Our series, A More Perfect Union, aims to show that what unites us as Americans is far greater than what divides us. In this installment, CBS News' Anna Werner introduces a group of families from five states across the country with a common bond. They all met in Austin, Texas, for an untraditional family reunion.
The Tyk's from Texas and the Lau's from California are prepping for their annual reunion. But in this "family," none of the adults are related: It's the kids who are all half-brothers or sisters. All 10 are genetically related, and have a special nickname.
"I'll usually say 'We're going to the dibling reunion,'" said Amanda Tyke.
They are "diblings," or donor siblings, because their parents, strangers originally, all chose the same sperm donor. He's a man single mom Tara Goldstein selected because she says at five foot four, she wanted someone "with height."
"I also wanted someone really good at math because that's not one of my strongest skill sets," Goldstein said.
She gave birth to Mollie in 2012, but soon realized her daughter would have no siblings.
"She was gonna be an only child and that made me a little sad... I knew that if I had a chance, if there was an opportunity to find some blood relatives, I didn't wanna deny her that opportunity," Goldstein said.
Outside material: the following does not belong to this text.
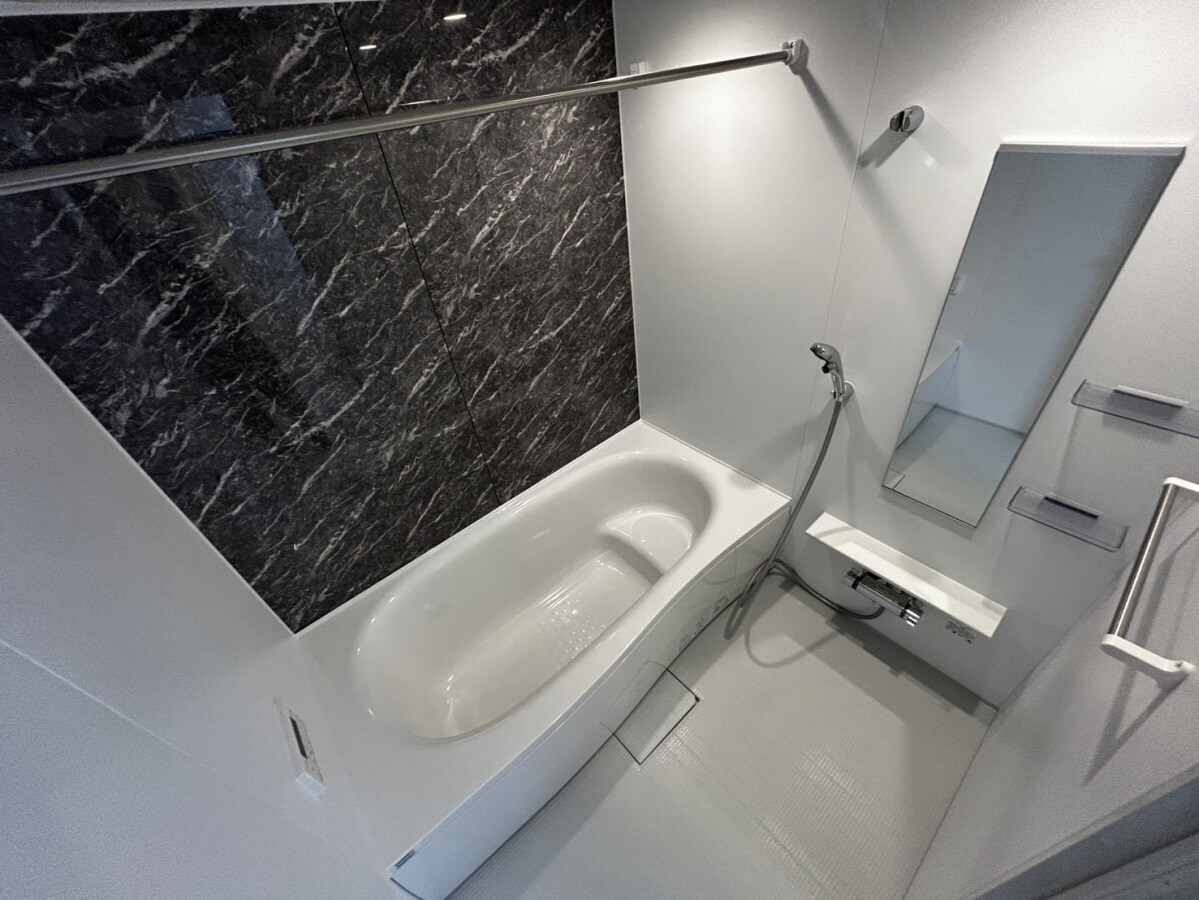 カミーノオタンタトレⅠの物件内観写真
Then she visited the donor sibling registry, a website where parents can share information about their donors and found her daughter had half-siblings around the country. This extended family now includes two families from New York, one from New Jersey, two families from Texas, one in Colorado, and one in California.
"It began slowly, like, exchanging pictures and seeing how much the kids looked alike and it was just-- it-- it was uncanny," said Jamielyn Siergiej.
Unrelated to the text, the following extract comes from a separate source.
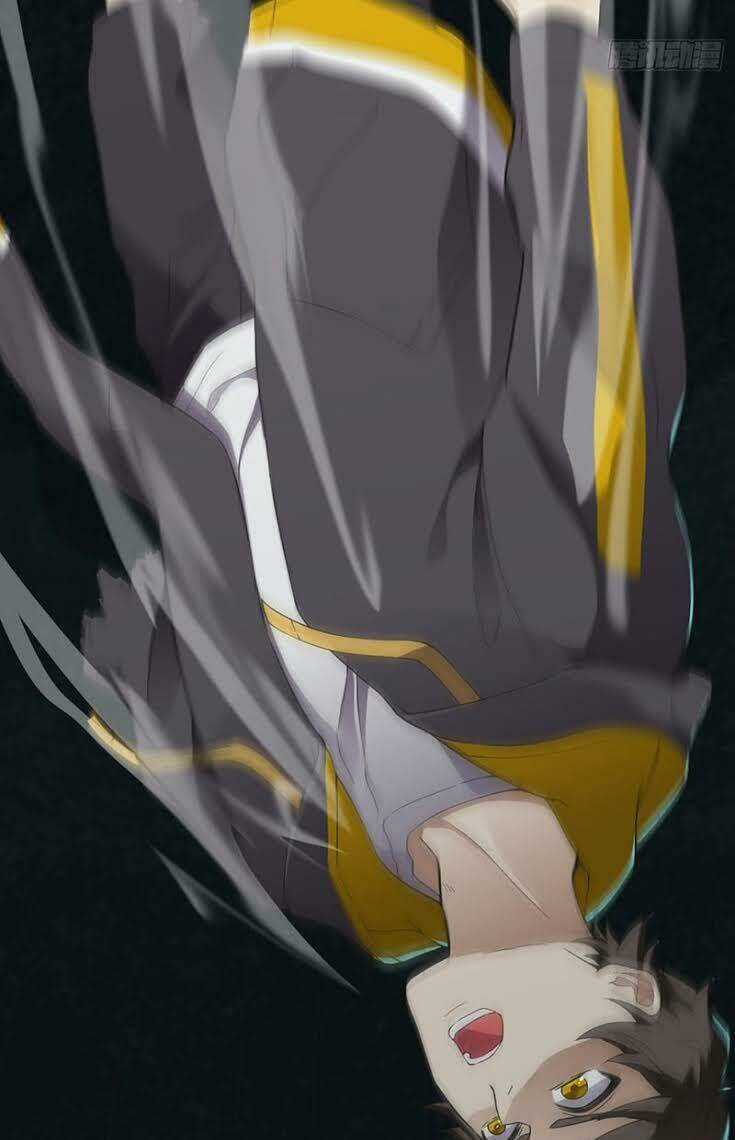 Vô Hạn Biến Dị - Chapter 13 - Trang 30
Now the parents bring their 10 children, in ages ranging from 3 to 5, together every year.
"So do you see things from your kids to the other kids, you go, 'Oh, that's so similar,'" Werner asked.
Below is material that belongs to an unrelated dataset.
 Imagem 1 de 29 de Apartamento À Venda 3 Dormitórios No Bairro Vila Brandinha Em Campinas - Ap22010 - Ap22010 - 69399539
"Oh yeah, personality traits," Siergiej. "You see some of them are so different, but they're so much the same."
Siergiej says that natural kinship has been crucial for her 5-year-old son Michael, who has autism.
"He doesn't always connect well with other kids. He's the brightest little boy in the world but he just has that connection issue," Siergiej said.
Yet he found an immediate connection with his half-brother from across the country, 5-year-old Mason.
"That's a brother bond, that's not a friend bond," Siergiej said.
"So what's it done for the two of you to have this?" Werner asked.
"It definitely gives you a peace of mind... anything he has towards maybe having two moms or going without a dad... he'll have these other nine children to have his back," Cristin Tyke said.
Today, the bond has become more than biological for these families that started off separated but became one.
"I just feel that it's really important for families like ours to kind of be proud of what we've done," Tara Goldstein said. "It's not perfect, but it's love."
The donor sibling registry that the families used to connect has more than 60,000 members. These siblings have an open donor, which means when they turn 18, they can contact him if they choose.